## [Activity]
Go to the line with "Prime Minister Modi" in the material below and copy from there through the line with "dining room featuring", exactly. Pictures are not copied.

## [Supplied data]
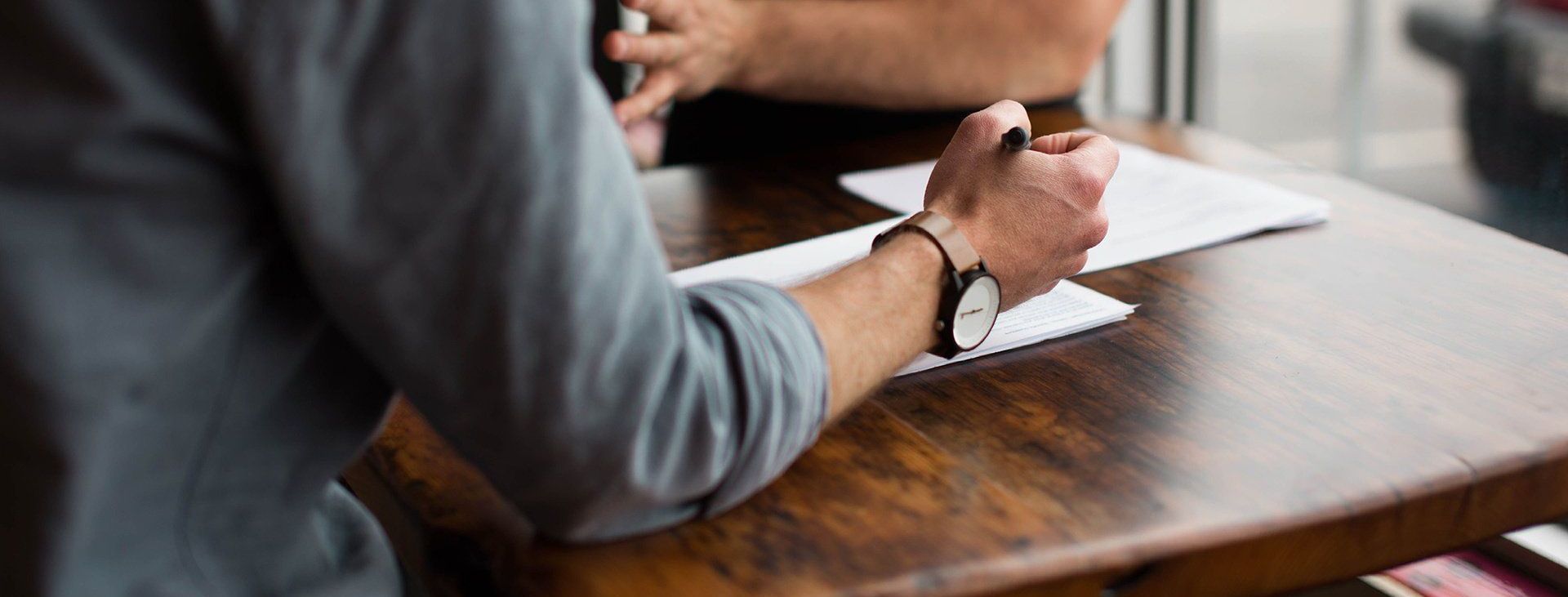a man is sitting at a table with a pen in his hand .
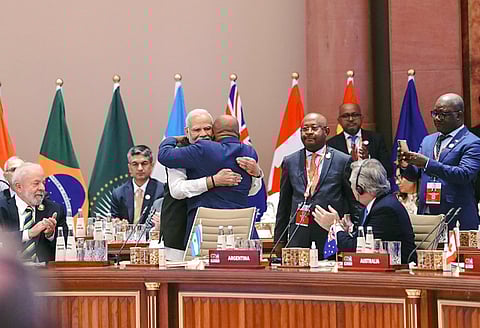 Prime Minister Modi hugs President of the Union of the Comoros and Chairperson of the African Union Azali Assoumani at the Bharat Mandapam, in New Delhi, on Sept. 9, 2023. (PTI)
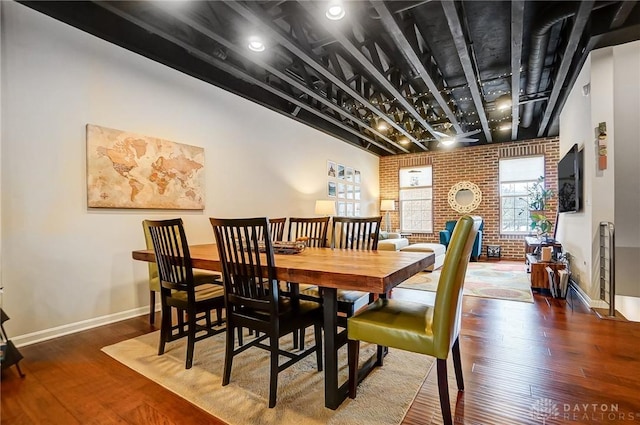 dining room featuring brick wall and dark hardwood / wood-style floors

* * *

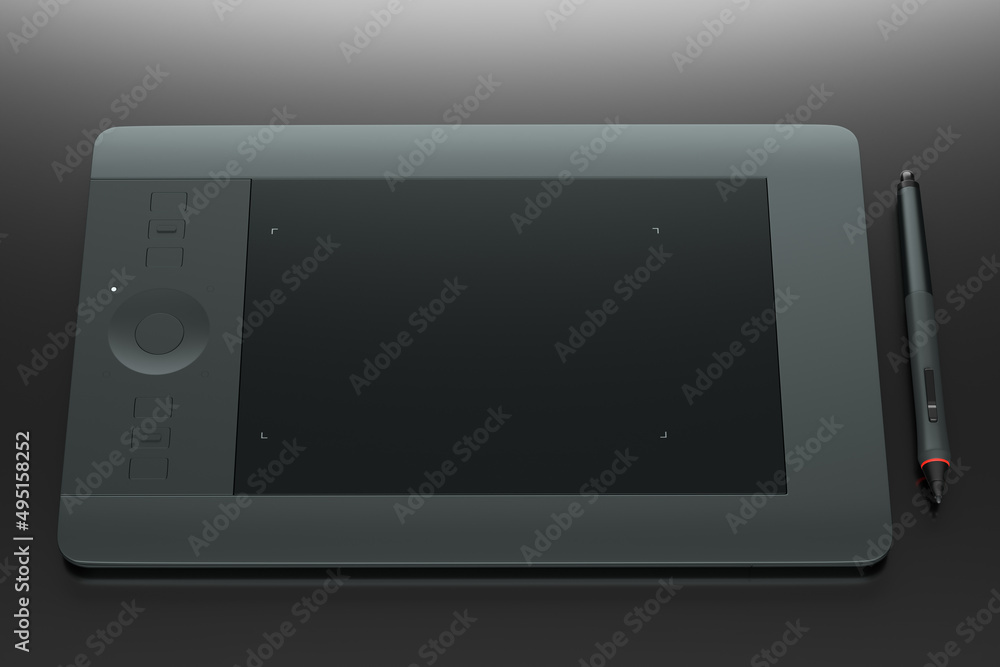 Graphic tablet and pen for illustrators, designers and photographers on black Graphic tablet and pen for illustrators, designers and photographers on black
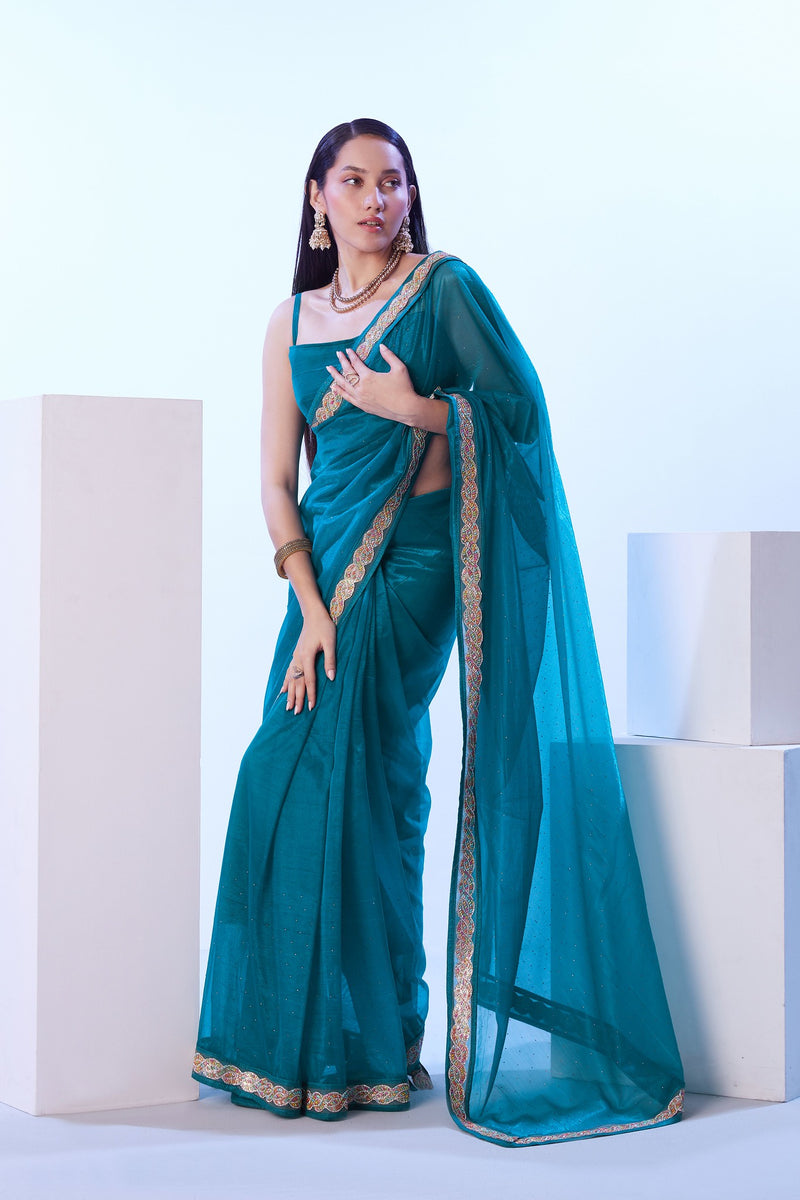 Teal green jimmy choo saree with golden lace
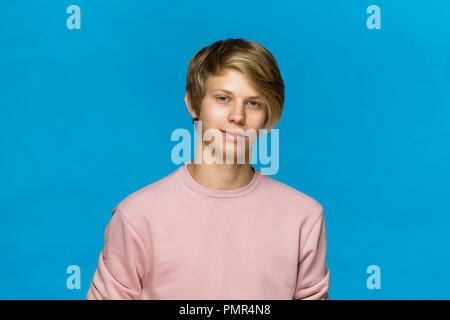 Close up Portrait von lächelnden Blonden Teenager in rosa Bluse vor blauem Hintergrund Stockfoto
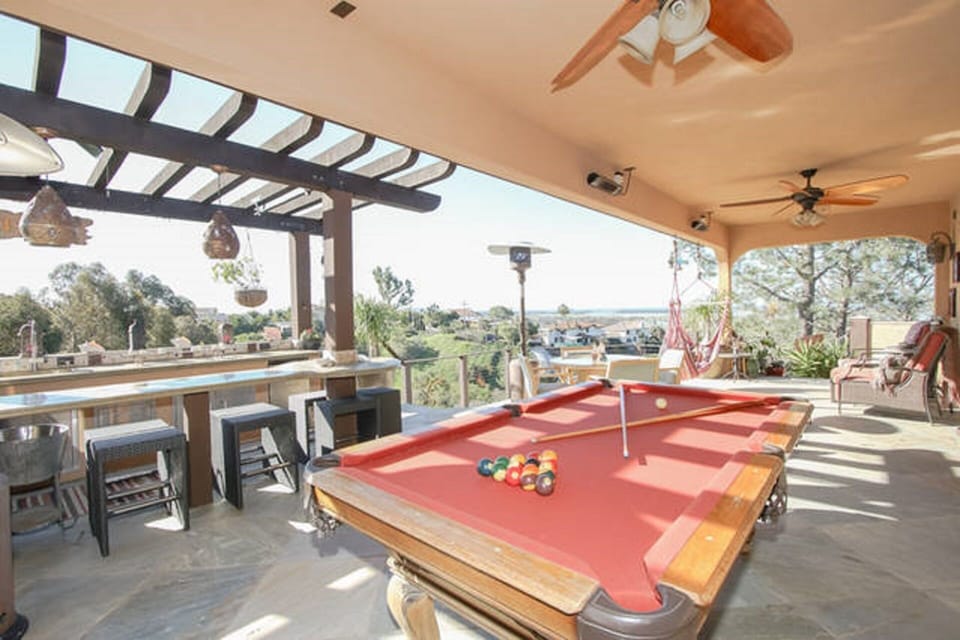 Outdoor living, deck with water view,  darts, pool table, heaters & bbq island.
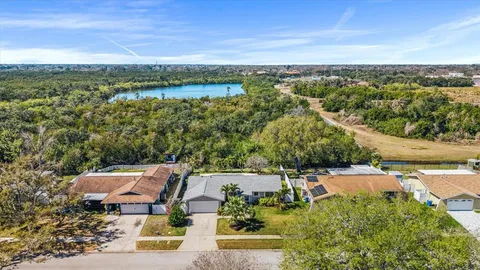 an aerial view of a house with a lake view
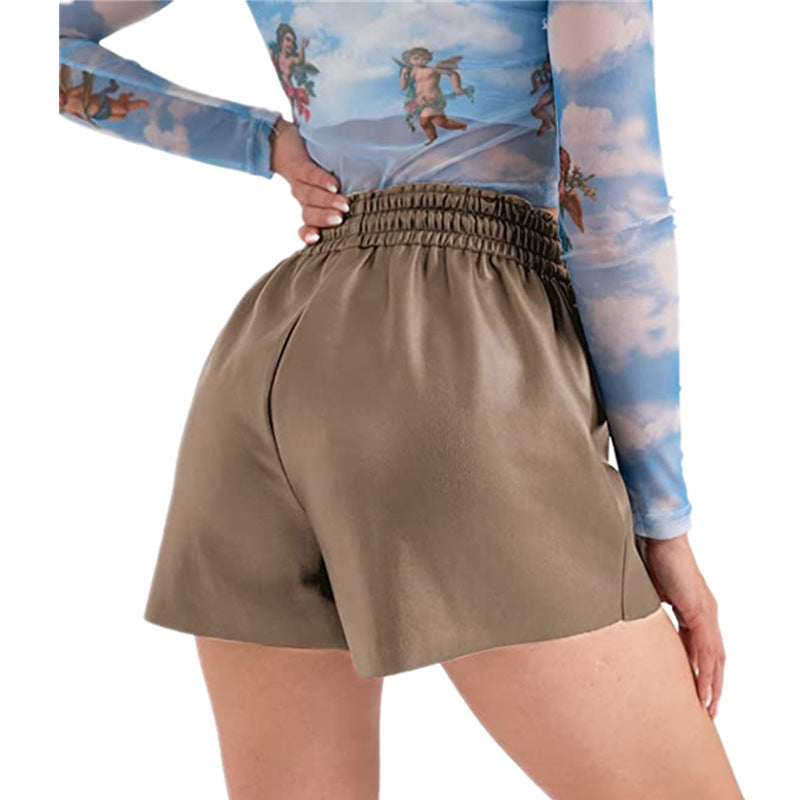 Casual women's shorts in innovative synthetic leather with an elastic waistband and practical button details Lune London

---

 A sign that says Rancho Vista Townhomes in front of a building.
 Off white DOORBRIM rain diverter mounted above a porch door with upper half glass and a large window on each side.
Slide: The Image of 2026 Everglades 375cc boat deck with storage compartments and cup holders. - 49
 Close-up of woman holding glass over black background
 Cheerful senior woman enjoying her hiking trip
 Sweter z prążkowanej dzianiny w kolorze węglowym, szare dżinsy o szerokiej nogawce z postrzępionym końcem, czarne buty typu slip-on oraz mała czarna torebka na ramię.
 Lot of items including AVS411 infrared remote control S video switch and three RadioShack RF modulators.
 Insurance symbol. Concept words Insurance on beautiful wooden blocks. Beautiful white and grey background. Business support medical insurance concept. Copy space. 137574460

## [Answer section]
 Prime Minister Modi hugs President of the Union of the Comoros and Chairperson of the African Union Azali Assoumani at the Bharat Mandapam, in New Delhi, on Sept. 9, 2023. (PTI)
 dining room featuring brick wall and dark hardwood / wood-style floors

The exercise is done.